Start of INPUT FOR THIS TASK

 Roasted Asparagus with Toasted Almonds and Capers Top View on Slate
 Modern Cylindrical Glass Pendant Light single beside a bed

End of INPUT FOR THIS TASK
Start of INPUT FOR THIS TASK

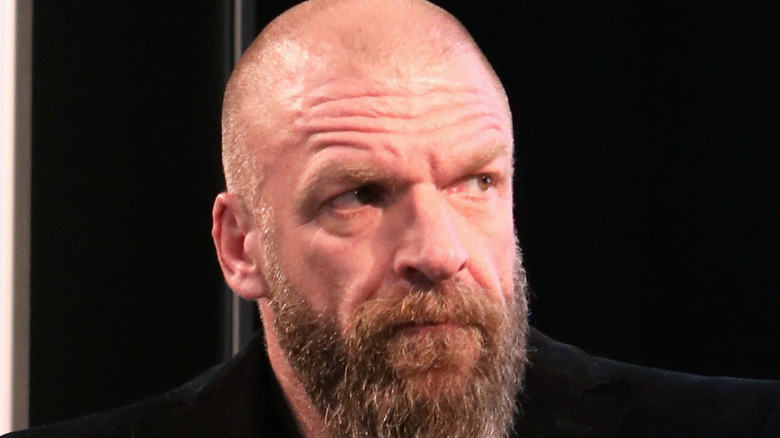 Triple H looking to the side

End of INPUT FOR THIS TASK

> [ABOUT THIS EXERCISE]:
Using the entries above, extract exactly the span from the line with "Roasted Asparagus with" to the line with "Modern Cylindrical Glass", both lines included; leave out everything else.

> [RESPONSE FOR THIS EXERCISE]:
 Roasted Asparagus with Toasted Almonds and Capers Top View on Slate
 Modern Cylindrical Glass Pendant Light single beside a bed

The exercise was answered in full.